Claims of specialization. A website that positions a firm as "experts" or "specialists" may violate ethics rules. In most states it is allowable, however, to state that you "limit your practice to" or "concentrate in" a particular area of expertise.
Failure to include necessary disclaimers. Many states require special disclaimers that govern contingency fees or legal services in general. It's important that an attorney understands all the disclaimers required, as well as any size, position, type and color requirements that may exist in certain states. In some states, failure to include necessary disclaimers results in a per se violation of the rules.
Design elements. Several states have established guidelines governing website design. These rules specify the type and size of pictures that may be used, or the size of print required for disclaimers or other required information. For instance, some states restrict the use of a picture of an attorney unless the person pictured is in fact an attorney member of the firm or office being advertised. In other states, pictures of clients must be actual clients. The depiction of simulated events -- such as car crashes, dog bites or construction accidents -- may be similarly regulated.
Spamming. Spamming is another key ethics concern. If your firm uses mass e-mail communication, give recipients a prominently displayed option to be removed from your mailing list. In some states, such communications may only be sent to those with whom the sender has had a prior business relationship. Other states require that advertisements for legal services must be clearly labeled as such in the subject line of the e-mail.
A good source for information on federal and state spam laws, plus a list of recent cases, go to www.spamlaws.com.
The ethics guidelines covering spam and relatively new areas of Internet-based legal marketing such as blogging and pay-per-clicks are still in development. To stay on top of the rules, you may find it helpful to bookmark the ABA Web page that tracks changes in state advertising laws and refer to it frequently for updates.

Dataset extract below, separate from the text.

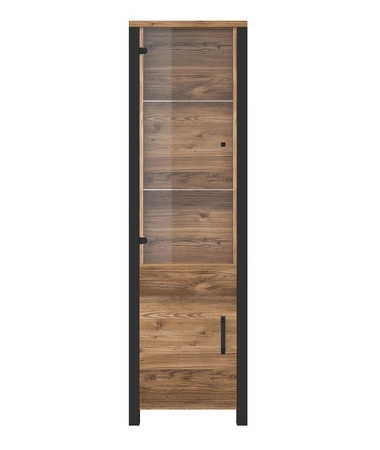 Witryna Olin 56 cm appenzeller / czarny nowoczesny design czarne uchwyty witryna w stylu industrialnym szkło hartowane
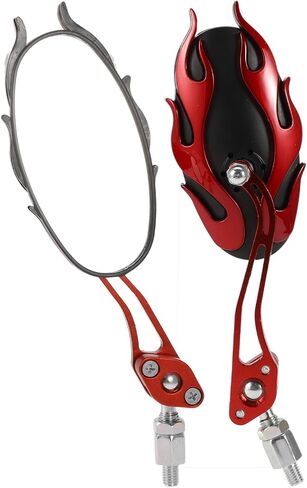 Universal Motorcycle Rear View Mirrors Adjustable Side Rearview Mirror Aluminum Alloy Plastic 1 Set Blue M8/M10 Oval Shape in Saudi Arabia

The Bottom Line on False and Misleading Web Content: A well-conceived website is a terrific way to deliver information about your law firm -- provided the content you're presenting meets your state's ethics standards. Unsupported claims, selective use of results and missing disclaimers are a few examples of content issues that can lead to inquiries by state regulatory authorities. Rules (and online marketing tactics) change, so stay informed via the ABA Web site and other resources.

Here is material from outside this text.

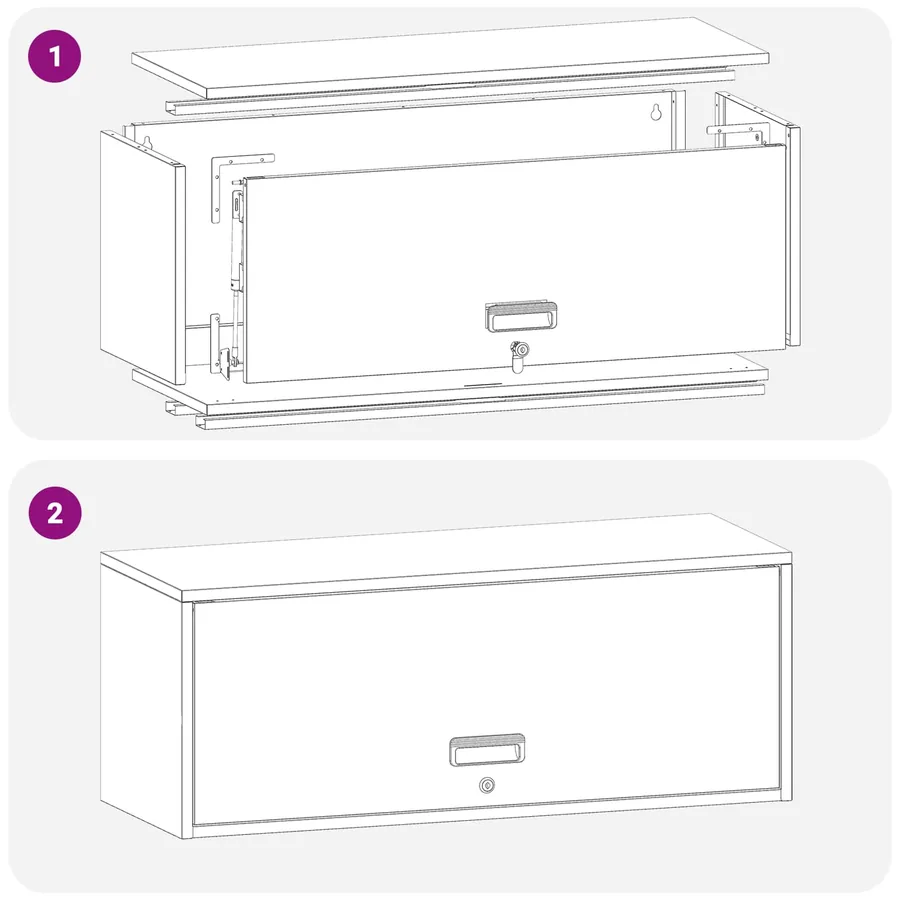 Armoire murale pour garage Noir 90 x 33 x 35 cm - 12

While the ethical considerations involved in online marketing may be complex, there are a few relatively simple steps that your law firm can take to help minimize its exposure to discipline for an ethics violation. Be clear, on your website and in other online marketing materials, about the jurisdictional limits of your firm. Avoid subjective, difficult-to-document claims and statements on your site, and remember that, generally speaking, the same rules apply on the Web as offline.
Above all, stay educated on ethics rules. There are a number of resources, from state hotlines to ABA websites to online marketing and client development services such as FindLaw, that you can refer to for information. As an attorney working to develop client relationships online, however, you are ultimately responsible for staying informed about the laws that apply in the states where you do business.
The Internet is one of the most powerful options that attorneys have to generate leads and develop client relationships. Its importance will only continue to increase. Operating your website within the rules can help you avoid ethics repercussions and make the most of this dynamic marketing tool for your law firm.